**Directions for this task**
Records follow. Print exactly the lines from the one that has "Mc Souza - Vai" through the one that has "Generación Dorada |", inclusive, and omit the pictures.

**Provided records**
------------------------------------------------------------

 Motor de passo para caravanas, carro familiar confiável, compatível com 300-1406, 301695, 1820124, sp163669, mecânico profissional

------------------------------------------------------------

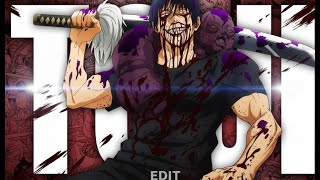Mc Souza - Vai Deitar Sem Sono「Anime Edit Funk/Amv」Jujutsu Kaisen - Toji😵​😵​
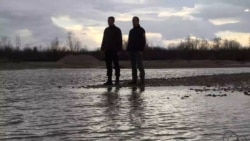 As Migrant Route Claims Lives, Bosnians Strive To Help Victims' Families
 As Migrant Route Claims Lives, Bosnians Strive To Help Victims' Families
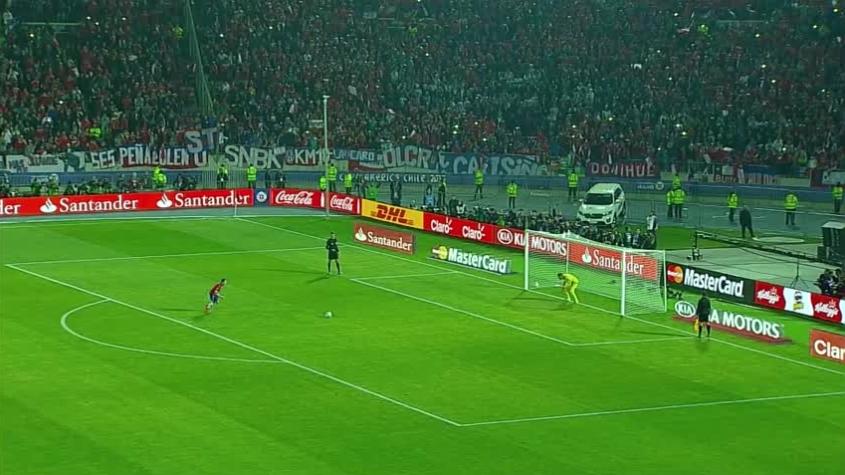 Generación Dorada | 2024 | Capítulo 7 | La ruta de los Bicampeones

------------------------------------------------------------

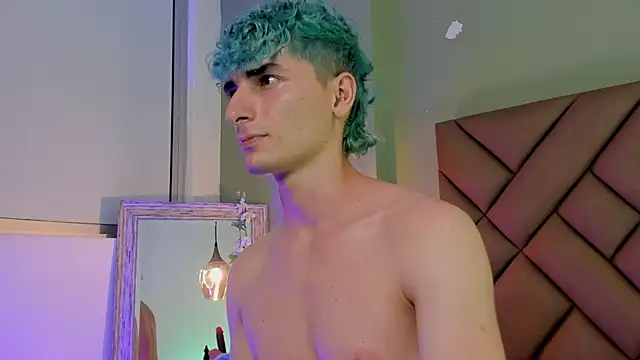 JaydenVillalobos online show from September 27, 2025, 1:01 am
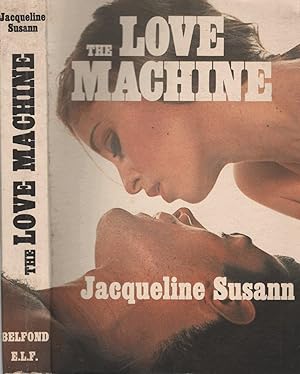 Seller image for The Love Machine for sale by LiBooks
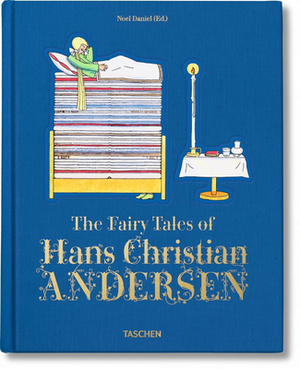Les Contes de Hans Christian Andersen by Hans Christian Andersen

------------------------------------------------------------

**Reply to the exercise**
Mc Souza - Vai Deitar Sem Sono「Anime Edit Funk/Amv」Jujutsu Kaisen - Toji😵​😵​
 As Migrant Route Claims Lives, Bosnians Strive To Help Victims' Families
 As Migrant Route Claims Lives, Bosnians Strive To Help Victims' Families
 Generación Dorada | 2024 | Capítulo 7 | La ruta de los Bicampeones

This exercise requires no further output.